If $d$ divides $3^k-1$, then mod $d$: $3^k\equiv1\implies3^{12}\equiv3^{12-k}\implies1\equiv3^{12-k}$. So if $d$ is bad, then $d$ divides some $3^k-1$ for $k\in\{1,2,\ldots,6\}$.
If $d$ divides $3^k-1$, then mod $d$: $3^k\equiv1\implies3^{2k}\equiv1$. So if $d$ is bad, then $d$ divides some $3^k-1$ for $k\in\{4,6\}$.

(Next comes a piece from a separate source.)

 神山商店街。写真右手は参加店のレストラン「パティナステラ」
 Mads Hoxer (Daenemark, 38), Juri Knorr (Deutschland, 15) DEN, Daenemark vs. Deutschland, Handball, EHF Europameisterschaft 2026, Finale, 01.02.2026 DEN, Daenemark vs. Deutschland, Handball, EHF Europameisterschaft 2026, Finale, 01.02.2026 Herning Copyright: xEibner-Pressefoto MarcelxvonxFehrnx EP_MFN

So you only need examine divisors of $3^4-1=2^4(5)$ and $3^6-1=2^3(7)(13)$. From the odd divisors of $3^{12}-1$, exclude the subtree of $5$ (that is, $\{5,1\}$). And exclude the subtree of $(7)(13)$ (that is, $\{91,13,7,1\}$). That is five things to exclude, and leaves $16-5=11$ such odd divisors.
From the even divisors of $3^{12}-1$, exclude the supertree of $2$ within the divisor tree for $3^4-1$ (that is, $\{2^{\{1,2,3,4\}}5^{\{0,1\}}\}$). And exclude the supertree of $2$ within the divisor tree for $3^6-1$ (that is, $\{2^{\{1,2,3\}}7^{\{0,1\}}13^{\{0,1\}}\}$). That is 17 things to exclude, and leaves $64-17=47$ such even divisors.